Deux blocages d'autoroutes par des tracteurs ont commencé vers 14h00 (13h00 GMT), sur l'A13 au nord-ouest de la capitale, et sur l'A4 à l'est.
Au total, huit "points de blocage" autoroutiers ont été prévus par les principaux syndicats de la profession, afin de faire un "siège de la capitale" annoncé "pour une durée indéterminée".
Face au risque de débordements, 15.000 membres des forces de l'ordre ont été mobilisés.
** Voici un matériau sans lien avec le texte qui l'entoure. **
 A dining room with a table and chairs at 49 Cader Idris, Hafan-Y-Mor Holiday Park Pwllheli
Dès dimanche soir, un important dispositif comprenant des blindés de la gendarmerie avait été déployé aux abords de Rungis, le plus grand marché de produits frais du monde, au sud de Paris, a constaté l'AFP.
Le président français Emmanuel Macron a donné "pour consigne" de "garantir que les tracteurs ne se rendent pas à Paris et dans les grandes villes pour ne pas créer des difficultés extrêmement fortes" et de faire en sorte que Rungis "puisse fonctionner ainsi que les aéroports parisiens d'Orly et de Roissy", a précisé le ministre de l'Intérieur, Gérald Darmanin.
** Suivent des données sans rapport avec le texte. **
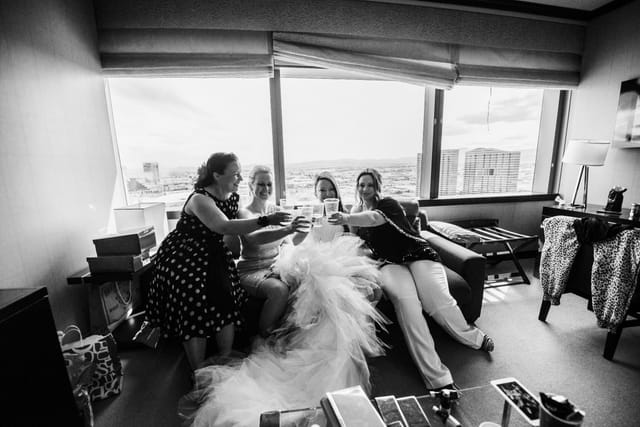 Women celebrate in hotel rooms with drinks.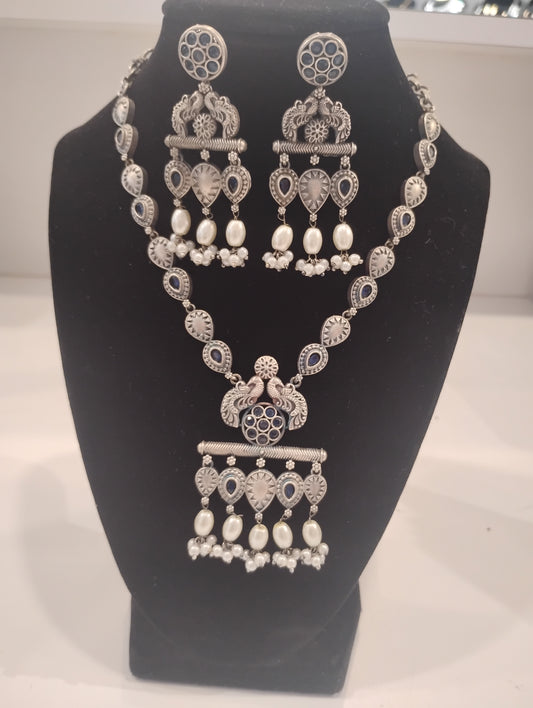 Alluring Dark Blue Color Stone With pearl Oxidized Necklace And Earrings For Women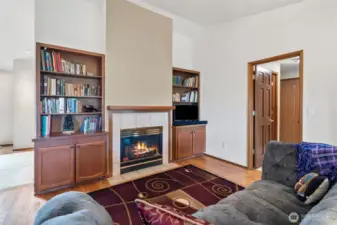 The family room with gas fireplace, built in book shelves, cabinets, and gorgeous hardwoods.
En début d'après-midi lundi, M. Macron a annoncé réunir à 15h15 plusieurs ministres à l'Elysée pour un "point sur la situation agricole", avant le Conseil des ministres prévu à 16h00. M. Macron doit s'envoler en fin d'après-midi pour la Suède, pour une visite d'Etat mardi et mercredi, avant un Conseil européen extraordinaire à Bruxelles jeudi.
Entre blocages d'autoroutes et défilés de tracteurs, la grogne agricole s'était d'abord manifestée en décembre et janvier en Allemagne, avant de toucher la France, mais aussi la Roumanie, la Pologne, ou encore la Belgique.
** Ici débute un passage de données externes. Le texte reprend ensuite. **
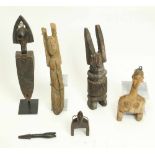 West Africa, six wooden objects, a.o. Bamana lock fragmentDogon figure with raised arms and a Lobi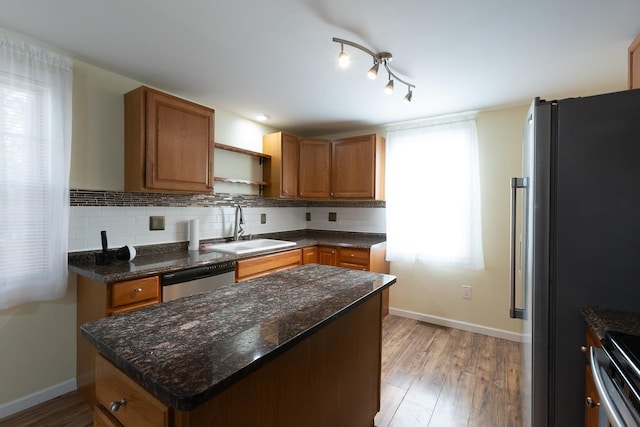 kitchen with tasteful backsplash, stainless steel appliances, sink, and hardwood / wood-style flooring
Alors que des dizaines de tracteurs ont organisé une opération escargot dimanche sur une autoroute du Sud belge, et qu'en Allemagne plusieurs ports dont celui de Hambourg, le plus grand du pays, ont été bloqués lundi par des agriculteurs, le siège de Paris résonne comme un nouveau cap dans la mobilisation européenne.
Episodes climatiques extrêmes, grippe aviaire, flambée des prix du carburant ou afflux de produits ukrainiens exemptés de droits de douane, les facteurs communs de mécontentement ne manquent pas.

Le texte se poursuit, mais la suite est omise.